Video shows Floyd with the knee of a white Minneapolis police officer on his neck during his arrest May 25, his cry of “I can’t breathe” before his death becoming a rallying cry against police brutality and racism across the country. 

A poster for the Troy event said that BAMN was the organizer of the event. 

In a Facebook post June 1, a group with that acronym, By Any Means Necessary, said they were not involved with the protest in Troy and asserted that they would instead be marching in Detroit June 1. 

Troy police Sgt. Meghan Lehman told C & G Newspapers that an organizer for the  BAMN group, identified in other reports as the Black Activist Movement Network, went into the Troy Police Department earlier June 1 to talk to police about the planned protest. An organizer for that group could not be reached at press time. 

“Be the change you want to see, peaceful protest for justice” reads the top of an event flier.

Troy police on Twitter lauded the group’s efforts: “Shout out to the Black Alliance Movement Network for organizing a peaceful and positive event today. Excellent leadership was displayed by the young people that put this together,” the department tweeted.

Lehman said a 68-year-old Troy man was arrested for felonious assault for intentionally striking a protester with his car on northbound Coolidge Highway, at Big Beaver. The victim was not injured. 

Lehman said police initially believed a small group would assemble. The crowd grew to about 500 people. A small group reportedly refused to leave at 10 p.m. There is no curfew in Troy at this time. Mutual aid from other jurisdictions were called in but were not needed when the group left after police asked them again to leave, Lehman said. 

Somerset Collection closed June 1. It had reopened for business May 29. 

“Given recent events at shopping destinations across the country, coupled with the company-wide closures of many of our retailers, Somerset Collection is taking the necessary safety precautions for everyone involved, which includes closing our center today,” Peter Van Dyke, a spokesman for Somerset Collection, said in a prepared statement.    “Somerset Collection values and supports freedom of speech and peaceful protest.” 

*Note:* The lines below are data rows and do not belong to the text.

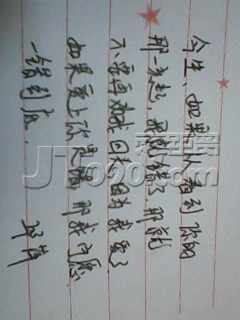 IMG0041A.jpg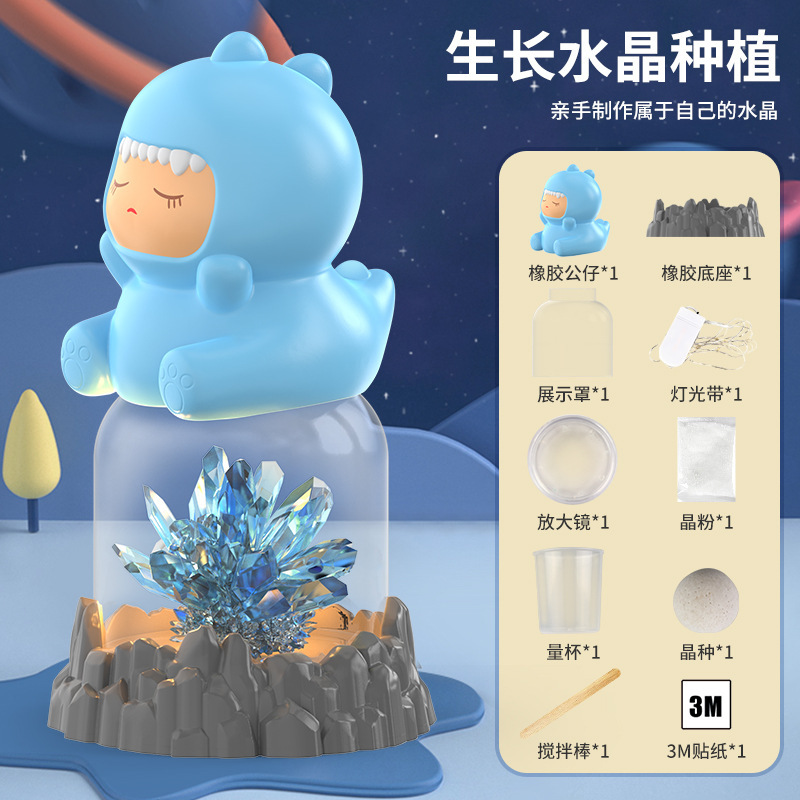 Diversión para niños, experimento científico, plantación de cristales de bricolaje, árbol de Navidad, experimento químico, ciencia, juguete de cristalización
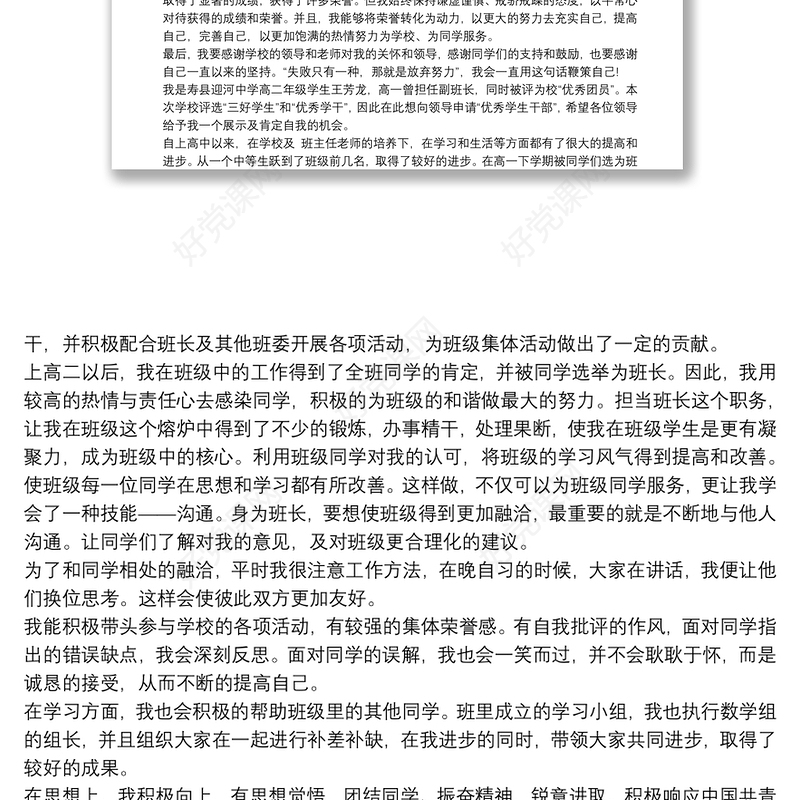 优秀学生干部事迹500字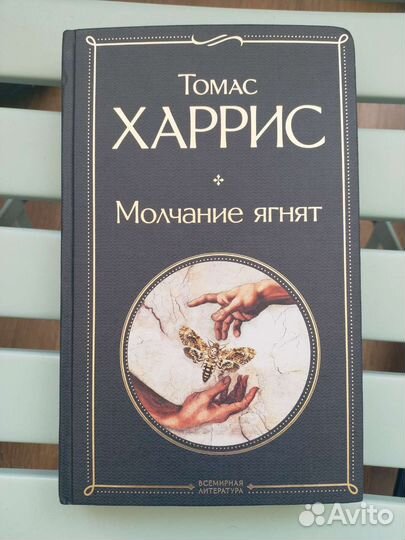 Томас Харрис 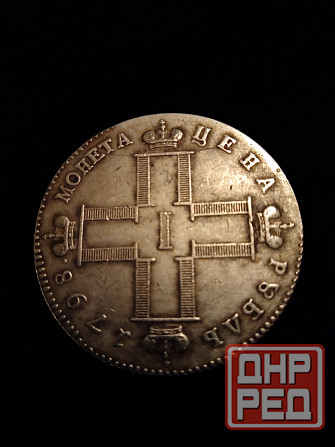 Рубль 1798 года , с.м.-м.б . Макеевка - изображение 1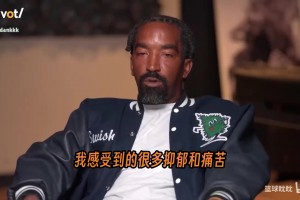 最新美国对阵巴拉圭直播入口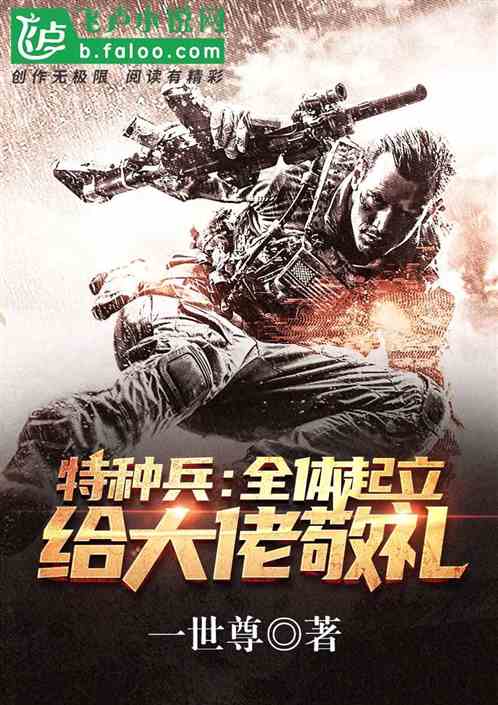 Special Forces: Everyone stand up and salute the boss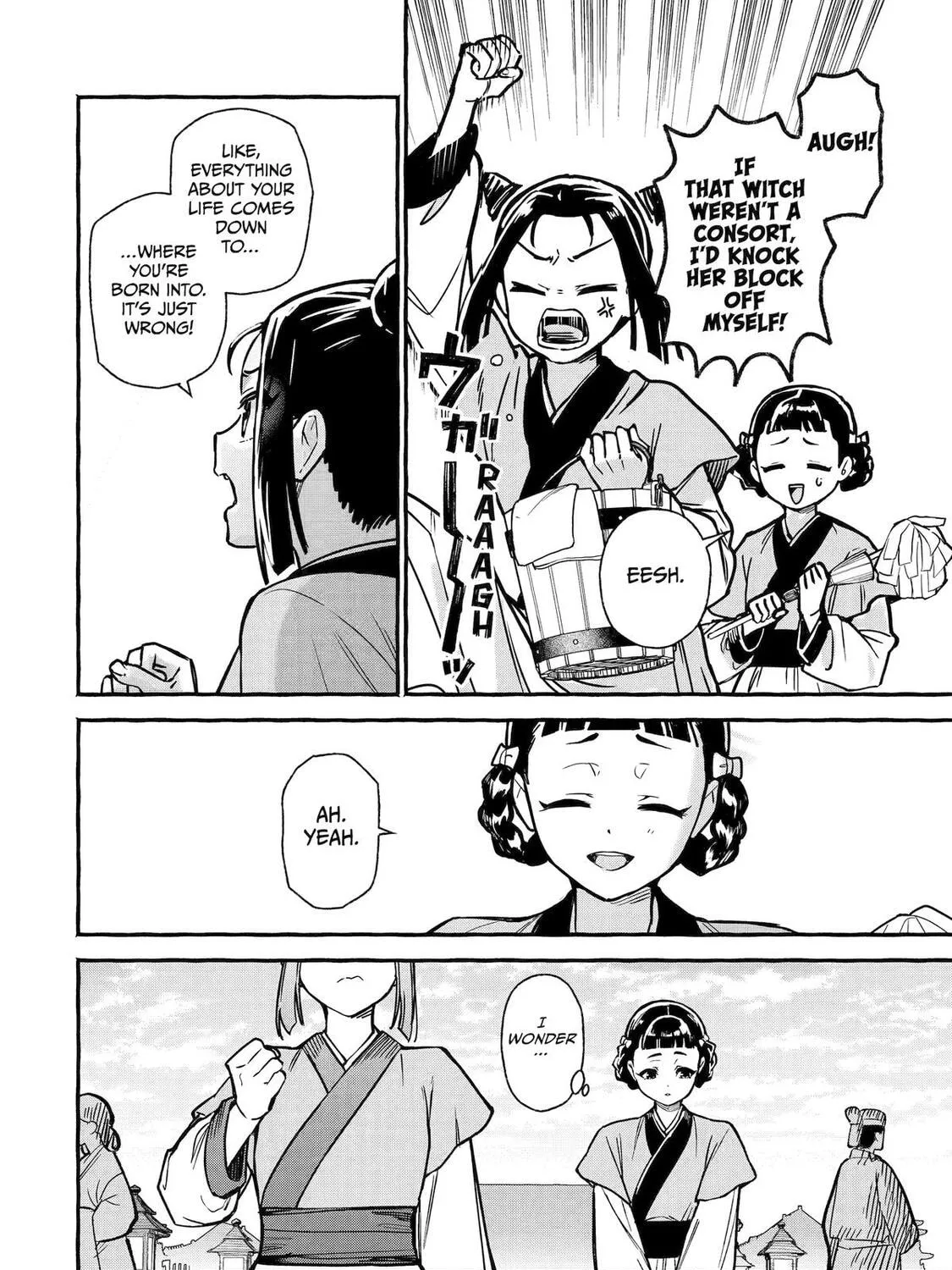 The Apothecary Diaries: Xiaolan’s Story Chapter 3 page 35 - 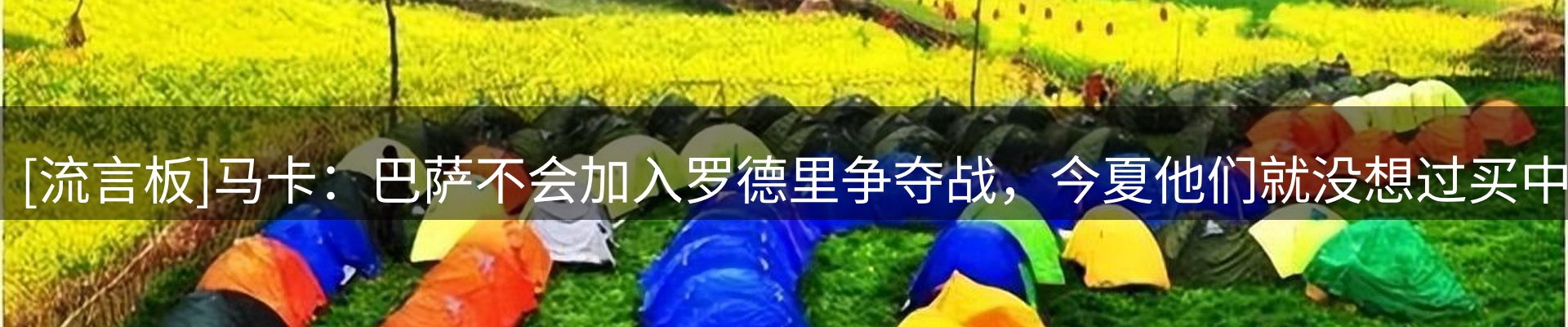 平台播报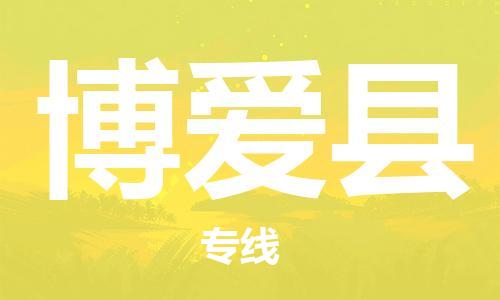 新豐縣到博愛縣物流-新豐縣到博愛縣專線-貨物實時監(jiān)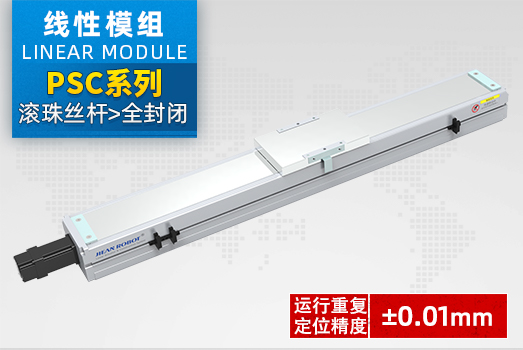 PSC系列产品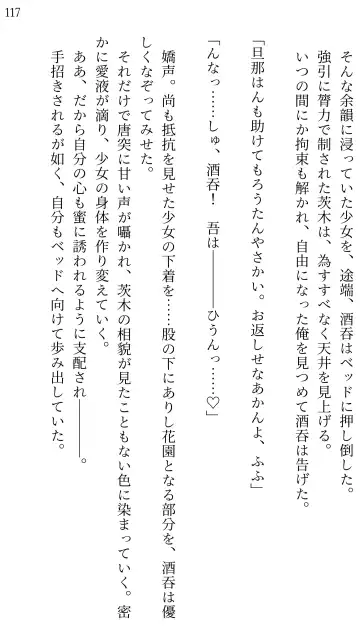 [Miroku] Fate/Loli Order Vol.04 Fhentai - Page 111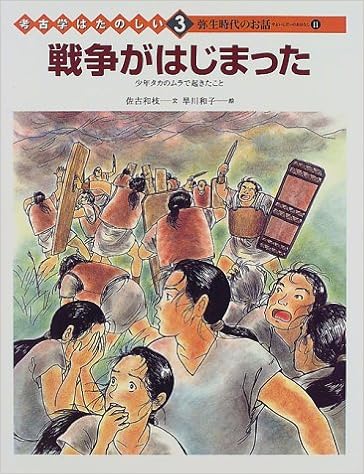 戦争がはじまった 少年タカのムラで起きたこと 考古学はたのしい 弥生時代のお話 佐古 和枝 和子 早川 本 通販 Amazon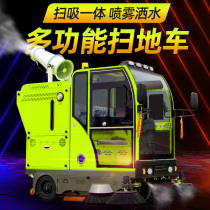 Driving sweeper sweeper factory property community Road multifunctional electric sweeper new sanitation vehicle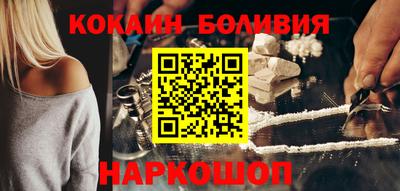 прущая мука Пыть-Ях
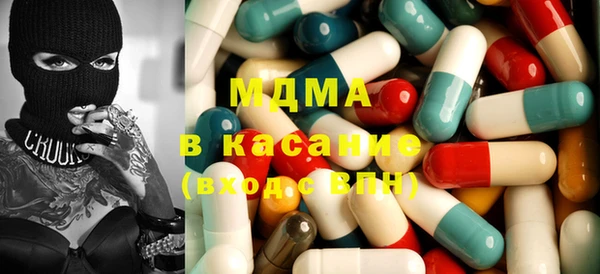 эйфоретик Беломорск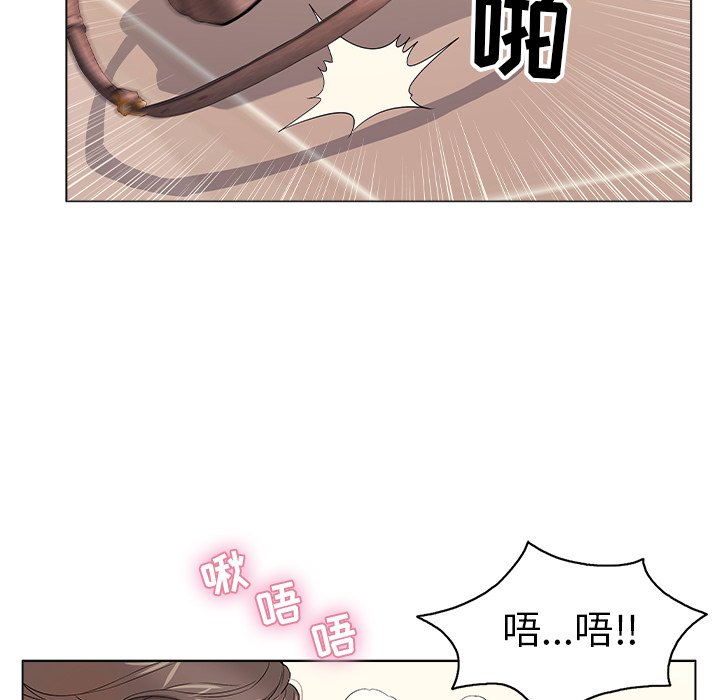 第11话 第 61 页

Michigan Department of Civil Rights Interim Director Mary Engelman released a statement on the killing of Floyd and the outbreak of violence in Michigan communities, including Detroit, Lansing and Grand Rapids.

“The death of George Floyd did not happen in Michigan, but there have been incidents like it here, and we cannot wait for it to happen again to speak. We can no longer accept token measures and lip service in response to the real risk too many people face every time they leave their homes,” she said in the statement.

“We call on leaders at all levels to come together in a substantive way to address the systemic racism and bias, both explicit and implicit, that leads to tragedies like the ones we’ve witnessed in Minnesota, in Georgia and in Kansas in the last few weeks alone. Our shared sin is not just that racial police abuses happen, but that they continue to happen. We must do everything in our power to say, ‘This ends now.’

“Peaceful protest can be an important tool for sparking change. Civil disobedience makes a powerful statement in support, but violent civil unrest only makes matters worse for those who must live with the problem every day. We will never right these wrongs by hurting innocents and burning our cities. The question everyone should be asking is ‘What can I do to help make things better?’ The answer may involve protest, but must also include other concrete, positive actions.”